For 50/50 alloys (Groups 1–3) $N_{Br}$ = $N_{SS}$ = 50%; for 75/25 alloys (Groups 4–6) $N_{Br}\cong 75$%; $N_{SS}\cong 25$%. In the case of alternating layer gradient structures (Groups 7–8), CLTE was also gradient. The dependence between α and the vertical coordinate z μm was defined using the modified form of the rule of mixture [27,31]:

$$\mathsf{\alpha }\left(\mathrm{z}\right)=\mathrm{V}\left(\mathrm{z}\right)·{\mathsf{\alpha }}_1+\left(1-\mathrm{V}\left(\mathrm{z}\right)\right)·{\mathsf{\alpha }}_2,$$

(3)

where V(z) was a volume fraction of constituents (SS, bronze), which obeyed a piecewise-defined function (4):

$$\mathrm{V}\left(\mathrm{z}\right)=\{\begin{array}{c}1, \mathrm{if} 500·\mathrm{n}<\mathrm{z}<250·\left(2·\mathrm{n}+1\right),\\ 0, \mathrm{if} 250·\left(2·\mathrm{n}+1\right)<\mathrm{z}<500·\left(\mathrm{n}+1\right),\\ \mathrm{n}=0, 1, 2, 3, \dots 149.\end{array}$$

(4)

Within the certain neighborhoods of the irregular points z = 250∙n, the behavior of the function depended on the phase composition at the interface areas between steel and bronze. Most of all, it depended on the formation of intermetallic phases. If the shrinkage caused by the permeation of each sequential layer into the previous one and their partial intermixing were also considered, the V(z) equation would take on a more complicated form. However, the volume-mean average CLTE of FGMs in Groups 7 and 8 could still be estimated using Equation (2) under the assumption of $N_{Br}$ = $N_{SS}$ = 50% (same as for Groups 1–3).

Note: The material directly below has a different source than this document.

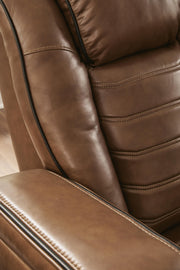gruaro-power-reclining-sofa-12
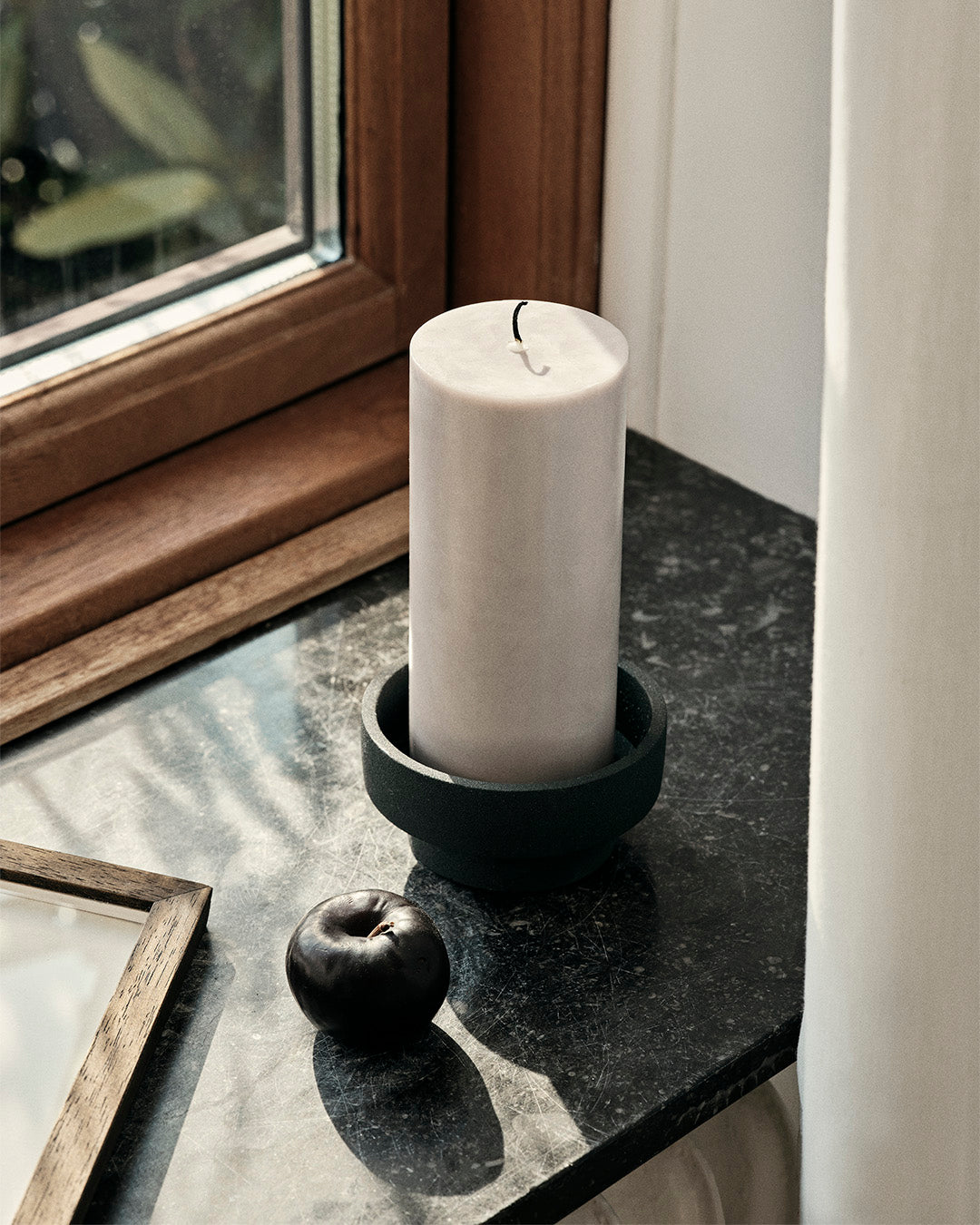 Broste Copenhagen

2.5. Numerical Analysis of the Dependence between Thermal Expansion, Temperature, and Laser Treatment Parameters

Minitab software (Minitab Ltd., Coventry, UK) analyzed the dependence between CLTE and temperature. Parameters of PC: CPU—Intel^® Core™ i7-7700HQ 2.81 GHz. RAM: 16.0 GB. OS: Windows x64. M. Yakout et al. [25] previously discussed the dependence between the CLTE, temperature, and parameters of the laser treatment regarding the pure 3D-printed SS 316L. The authors developed a three-way interaction regression model using Minitab and applied it to selective laser melting (SLM). This model provided accurate results for the DED process, too. According to it, the relative thermal expansion ${\mathsf{\epsilon }}_{\mathrm{T}}$, [μm/m] for $T\le 279 ℃$ [25] was calculated for SS 316L using the following Equations (5)–(8):

$${\epsilon }_T=a·T^2+b·T+c;$$

(5)

$$a=0.009714;$$

(6)

$$b=16.954-0.00577·P-14.98·h+0.0599·P·h;$$

(7)

$$\begin{gathered} c=452-3.557·P-1.350·v-6925·h-0.001838·P^2-10 399·h^2+ \\ +0.005893·P·v+40.28·P·h+11.47·v·h-0.05238·P·v·h. \end{gathered}$$

(8)

Here, P, $v$, and h were processing parameters. P was laser power, W; $v$ was scanning speed, mm/s; h was hatch spacing, mm. In our case, h = 0.3 mm, P_average = 308 W, and $v$ = 0.85 m/min $\cong$ 16.67 mm/s. P, $v$, and h were independent variables, P², $v$², and h² were two-way interactions, T and T² were the temperature variables, and P·T, $v$·T, h·T, P·$v$·T, P·h·T were the interaction terms. According to [25], this model was accepted as statistically significant and had a standard deviation of S = 9.64627, coefficient of determination R² = 99.99%, and the predicted residual error sum of squares PRESS = 11,785.3.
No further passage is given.